The line containing "Ensemble de survêtement" and each line after it, through the final line of the data, are to be retyped exactly, with pictures left out.

───── Materials provided

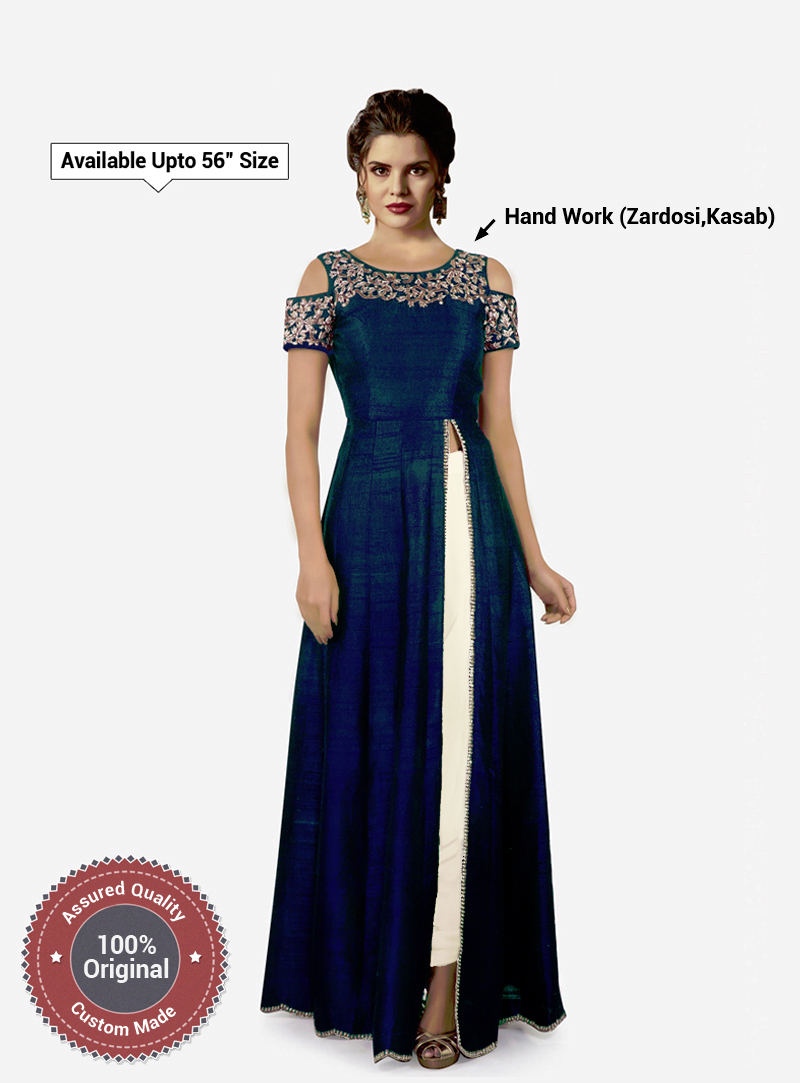 Navy Blue Raw Silk Cold Shoulder Pant Style Suit 153209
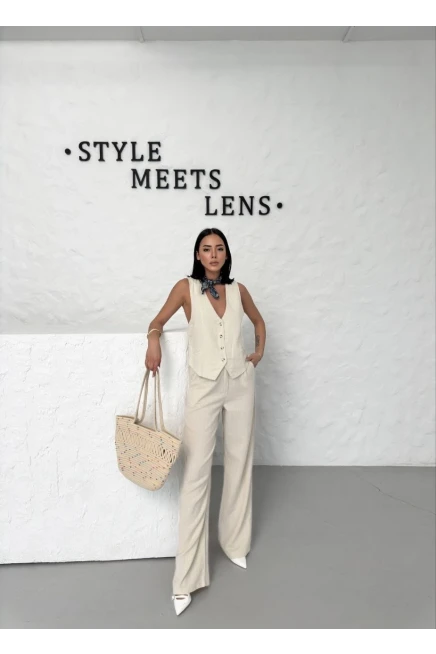 Sırt Dekolte Yelek Pantolon Takım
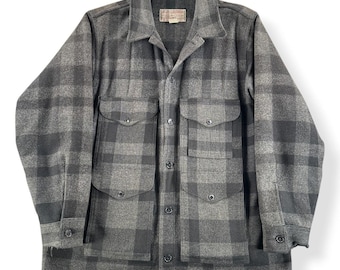 Vintage 90s Era Filson Black & Charcoal Mackinaw Cruiser Jacket SZ XXL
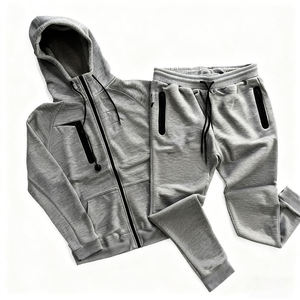 Ensemble de survêtement personnalisé de haute qualité pour homme, veste à capuche décontractée grise style streetwear avec cordon de serrage et pantalon de survêtement, logo personnalisable - Product Image 1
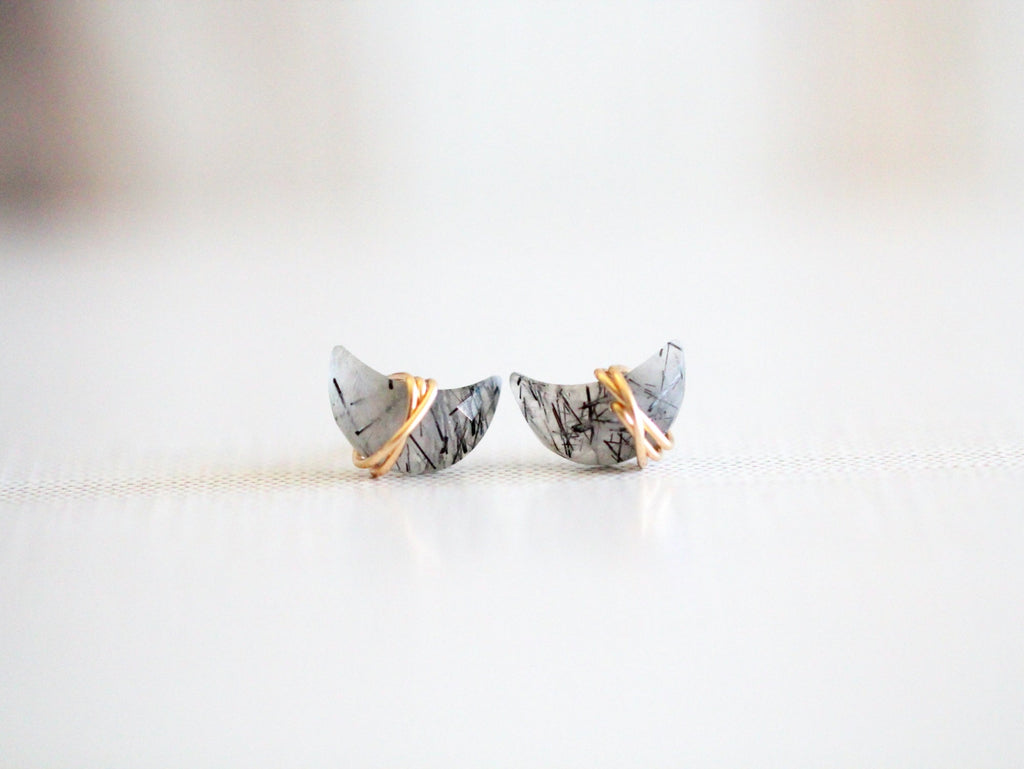 Moonbeam & Stardust Studs - Rutilated Quartz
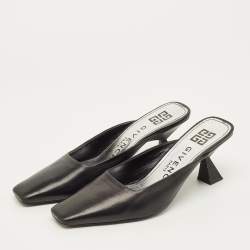 Pre Owned صندل سلايد جيفنشي مقدمة مربعة جلد أصفر مقاس 37.5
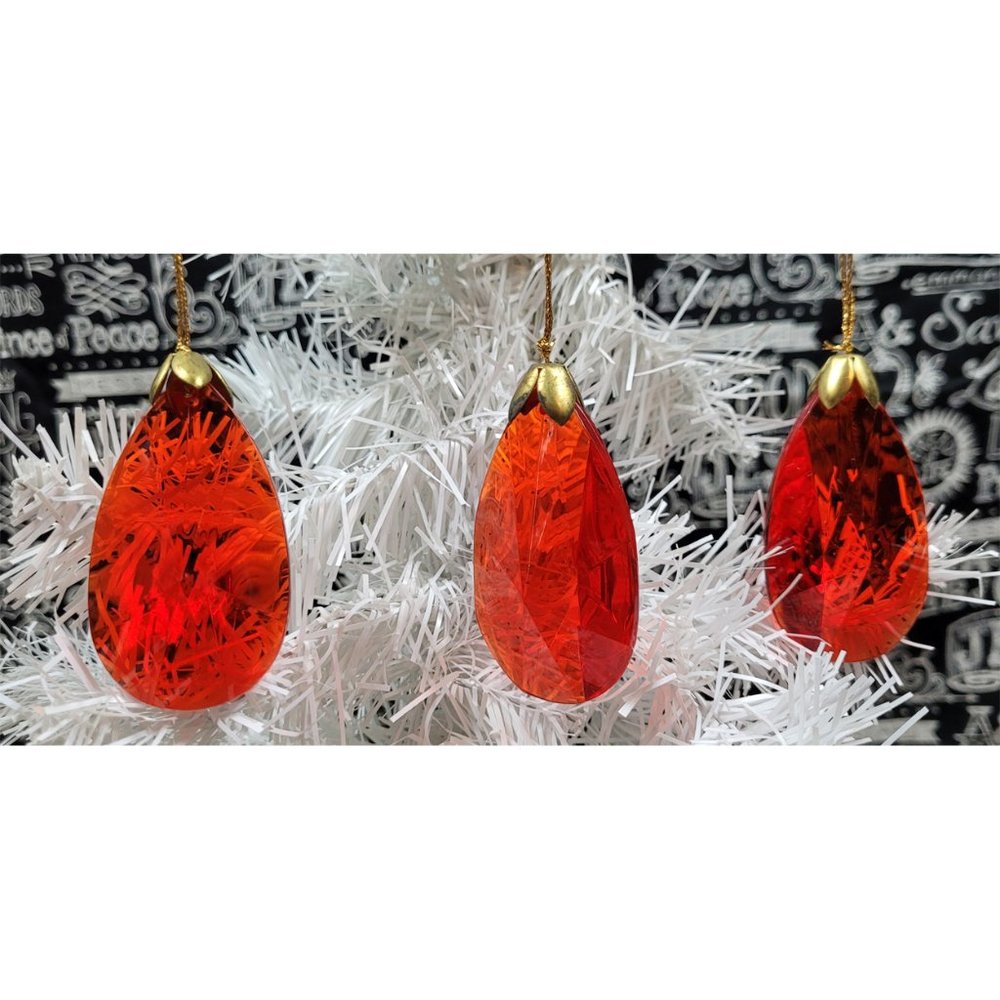 3 Red Tear Drop Christmas Ornaments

──────────

• Answer to this task
 Ensemble de survêtement personnalisé de haute qualité pour homme, veste à capuche décontractée grise style streetwear avec cordon de serrage et pantalon de survêtement, logo personnalisable - Product Image 1
 Moonbeam & Stardust Studs - Rutilated Quartz
 Pre Owned صندل سلايد جيفنشي مقدمة مربعة جلد أصفر مقاس 37.5
 3 Red Tear Drop Christmas Ornaments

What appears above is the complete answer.